Nebraska cities were not slow to capitalize on the new fad. The Bee noted: “The Omaha spoon has only appeared in one style as yet, having engraved on the handle a picture of THE BEE building, but a number of jewelers are planning surprises for the fall trade.” George B. James Jr., in Souvenir Spoons, published in 1891, described a spoon from the city of Lincoln that incorporated both state and national symbols, with the handle representing a split rail surmounted by a maul (representing A. Lincoln), with a grasshopper on the handle and Nebraska’s second State Capitol depicted within the bowl.
Souvenir spoons at the height of their popularity were given as wedding and holiday gifts, displayed at art exhibitions, and even found their way into popular jokes. They were made to honor not only American cities and towns, but famous people and historical events. The Nebraska State Historical Society website has a photograph of an Arbor Day spoon presented by Arbor Day founder J. Sterling Morton to Dawson Collins, his great uncle, in 1888.

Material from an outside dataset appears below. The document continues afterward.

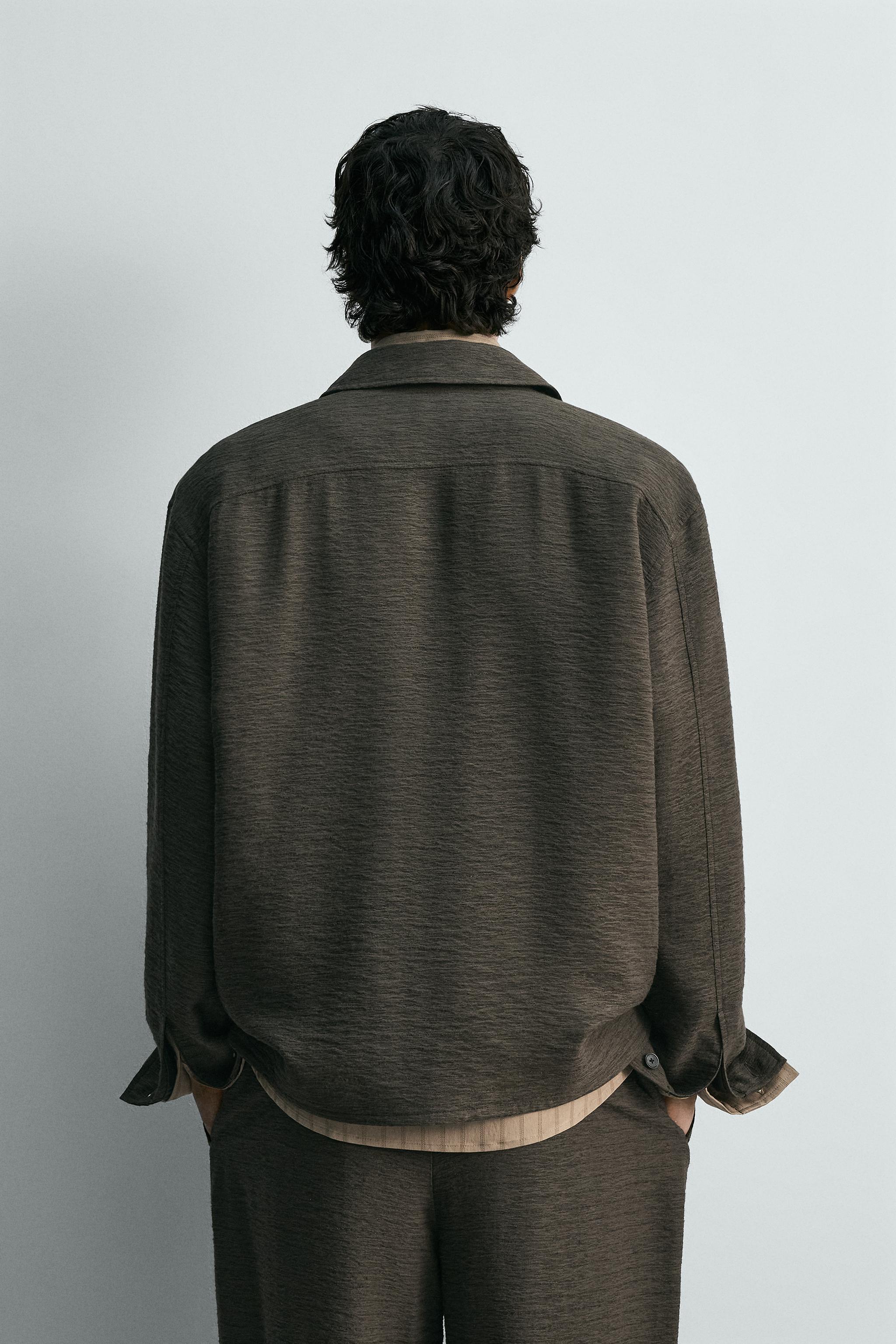 FLUID TEXTURED OVERSHIRT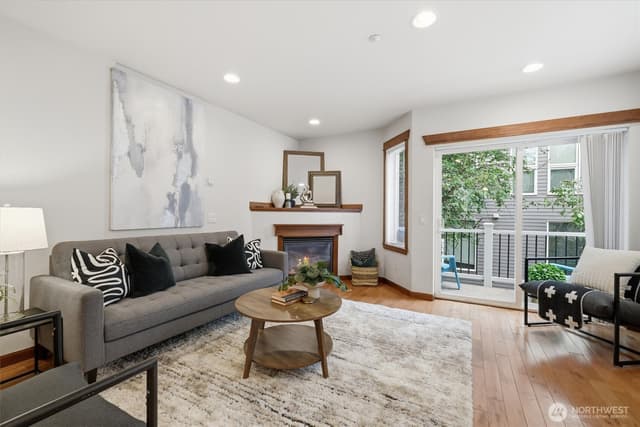 Property photo for 6825 Weedin Place NE #A, Seattle photo 4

This souvenir spoon, from jeweler Max Meyer & Brother of Omaha, included an Indian head on the handle. NSHS 11744-56 (right).
Like most fads, the spoon collecting craze did not last. By the outbreak of World War I the appetite for souvenir spoons had waned and by the end of the war it had almost disappeared. Today it is once again a niche hobby. Souvenir spoons at tourist attractions are a familiar sight, and hundreds of spoons change hands at auctions around the world.